**Task description**
Copy exactly the lines of the material below that run from the one containing "5 2018 Chevrolet" through the one containing "155 E 31st St #W10J — Photo 4". Copy no other lines.

**Provided data**
• • •
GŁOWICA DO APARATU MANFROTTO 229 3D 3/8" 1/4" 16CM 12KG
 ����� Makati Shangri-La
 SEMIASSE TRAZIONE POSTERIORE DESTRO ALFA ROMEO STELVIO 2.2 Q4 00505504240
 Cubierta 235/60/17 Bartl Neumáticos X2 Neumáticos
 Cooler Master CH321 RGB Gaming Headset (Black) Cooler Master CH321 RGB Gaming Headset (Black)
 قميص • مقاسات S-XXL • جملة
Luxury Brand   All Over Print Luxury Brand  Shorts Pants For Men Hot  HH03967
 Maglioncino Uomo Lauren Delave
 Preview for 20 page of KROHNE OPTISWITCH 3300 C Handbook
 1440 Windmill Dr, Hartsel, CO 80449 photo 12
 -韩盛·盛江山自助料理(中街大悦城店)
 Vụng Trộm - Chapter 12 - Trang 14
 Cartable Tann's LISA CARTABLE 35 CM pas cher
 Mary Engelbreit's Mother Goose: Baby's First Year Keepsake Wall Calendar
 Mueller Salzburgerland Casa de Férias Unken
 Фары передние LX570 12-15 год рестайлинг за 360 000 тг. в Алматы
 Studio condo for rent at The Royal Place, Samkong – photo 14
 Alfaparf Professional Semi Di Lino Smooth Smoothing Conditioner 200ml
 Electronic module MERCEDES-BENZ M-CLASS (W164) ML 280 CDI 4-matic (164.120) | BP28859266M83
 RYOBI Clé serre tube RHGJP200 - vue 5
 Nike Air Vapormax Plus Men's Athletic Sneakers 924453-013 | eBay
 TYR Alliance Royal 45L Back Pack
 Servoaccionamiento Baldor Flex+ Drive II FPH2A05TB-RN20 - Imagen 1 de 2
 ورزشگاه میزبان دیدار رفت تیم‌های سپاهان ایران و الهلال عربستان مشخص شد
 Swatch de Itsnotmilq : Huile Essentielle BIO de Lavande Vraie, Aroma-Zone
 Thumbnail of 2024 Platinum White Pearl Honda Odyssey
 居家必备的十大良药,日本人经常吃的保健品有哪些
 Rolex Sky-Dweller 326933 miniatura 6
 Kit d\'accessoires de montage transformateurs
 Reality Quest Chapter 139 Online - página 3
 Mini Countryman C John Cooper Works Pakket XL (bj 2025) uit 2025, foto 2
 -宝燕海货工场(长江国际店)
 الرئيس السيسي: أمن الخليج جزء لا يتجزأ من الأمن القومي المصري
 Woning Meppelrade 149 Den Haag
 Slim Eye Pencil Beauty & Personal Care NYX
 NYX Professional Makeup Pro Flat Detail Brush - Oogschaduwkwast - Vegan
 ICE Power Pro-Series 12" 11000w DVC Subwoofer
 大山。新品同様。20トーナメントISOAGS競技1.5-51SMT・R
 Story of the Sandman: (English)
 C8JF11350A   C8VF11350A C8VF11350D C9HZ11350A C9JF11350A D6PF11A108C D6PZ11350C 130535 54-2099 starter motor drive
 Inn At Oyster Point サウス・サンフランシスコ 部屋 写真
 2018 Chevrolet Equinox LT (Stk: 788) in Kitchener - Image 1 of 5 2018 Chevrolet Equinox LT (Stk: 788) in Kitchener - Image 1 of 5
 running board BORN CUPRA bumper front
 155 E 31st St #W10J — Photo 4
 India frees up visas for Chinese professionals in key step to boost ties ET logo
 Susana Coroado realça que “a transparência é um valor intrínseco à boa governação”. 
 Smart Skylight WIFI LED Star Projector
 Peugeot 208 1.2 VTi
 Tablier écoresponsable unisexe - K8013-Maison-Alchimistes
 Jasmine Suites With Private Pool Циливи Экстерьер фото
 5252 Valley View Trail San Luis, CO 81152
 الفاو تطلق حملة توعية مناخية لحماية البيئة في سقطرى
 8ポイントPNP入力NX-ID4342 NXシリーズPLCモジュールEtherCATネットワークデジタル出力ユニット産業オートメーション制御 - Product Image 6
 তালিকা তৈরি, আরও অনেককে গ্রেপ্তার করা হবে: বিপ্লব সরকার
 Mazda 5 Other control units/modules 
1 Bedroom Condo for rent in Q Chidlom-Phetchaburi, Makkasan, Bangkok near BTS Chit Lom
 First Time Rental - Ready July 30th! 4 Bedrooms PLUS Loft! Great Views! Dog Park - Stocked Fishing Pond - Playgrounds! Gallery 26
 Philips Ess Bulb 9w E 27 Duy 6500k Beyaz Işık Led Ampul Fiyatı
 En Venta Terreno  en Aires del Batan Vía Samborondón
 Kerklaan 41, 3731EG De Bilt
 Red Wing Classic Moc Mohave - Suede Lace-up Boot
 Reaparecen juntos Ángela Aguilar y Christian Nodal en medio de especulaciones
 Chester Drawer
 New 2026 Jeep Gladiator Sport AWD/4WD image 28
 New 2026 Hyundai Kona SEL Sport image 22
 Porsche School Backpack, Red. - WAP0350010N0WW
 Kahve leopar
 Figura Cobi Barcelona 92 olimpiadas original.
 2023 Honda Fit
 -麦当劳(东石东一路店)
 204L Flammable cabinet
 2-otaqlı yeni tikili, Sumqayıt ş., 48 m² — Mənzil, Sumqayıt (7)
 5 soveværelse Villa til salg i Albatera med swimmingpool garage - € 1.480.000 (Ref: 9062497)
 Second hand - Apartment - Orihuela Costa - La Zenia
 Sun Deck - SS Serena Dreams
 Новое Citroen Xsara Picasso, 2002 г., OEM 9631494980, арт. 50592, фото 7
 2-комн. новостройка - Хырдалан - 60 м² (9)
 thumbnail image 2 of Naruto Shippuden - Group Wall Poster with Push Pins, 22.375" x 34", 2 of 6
• • •
**Expected answer**
 2018 Chevrolet Equinox LT (Stk: 788) in Kitchener - Image 1 of 5 2018 Chevrolet Equinox LT (Stk: 788) in Kitchener - Image 1 of 5
 running board BORN CUPRA bumper front
 155 E 31st St #W10J — Photo 4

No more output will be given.